A study reveals the unique morphological features and mineral deposits of impact craters in the Moon’s equatorial and polar regions1. This provides new insights into the current lunar landscape and its evolutionary history.
Meteorites bombarded the Moon, forming thousands of craters that cover its surface. To better understand these, scientists at the Jawaharlal Nehru University in New Delhi analysed images captured by high-resolution instruments on-board Chandrayaan-1 and NASA’s Lunar Reconnaissance Orbiter.
The researchers, led by Saumitra Mukherjee, focused on six craters in the mare and highland regions of the Moon. Of these, they minutely studied the Cardanus and Krafft craters in the mare region.
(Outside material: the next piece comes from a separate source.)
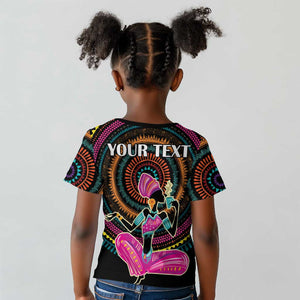 Personalized Africa Kid T shirt Beautiful Black Woman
The Cardanus crater consists of unique features including a central mound, hummocky unit, ejecta material, fractures and smooth floors. The fractures are polygonal in structure and cover the crater floor in all directions. High-energy cosmic particles, mainly protons, get trapped in the fractures, which might result in hydroxyl deposition that creates a reservoir of hydroxyl minerals.
The team found that the Cardanus surface is rich in pyroxene and feldspathic minerals, while the Krafft crater surface has the presence of clinopyroxene–olivine mixture. Both craters belong to the same geological age – late Imbrium period.
This study will increase understanding of moon formation and its correlation with Earth’s geology. It has also helped to identify four locations that could be used as landing sites for future Moon missions, the researchers say.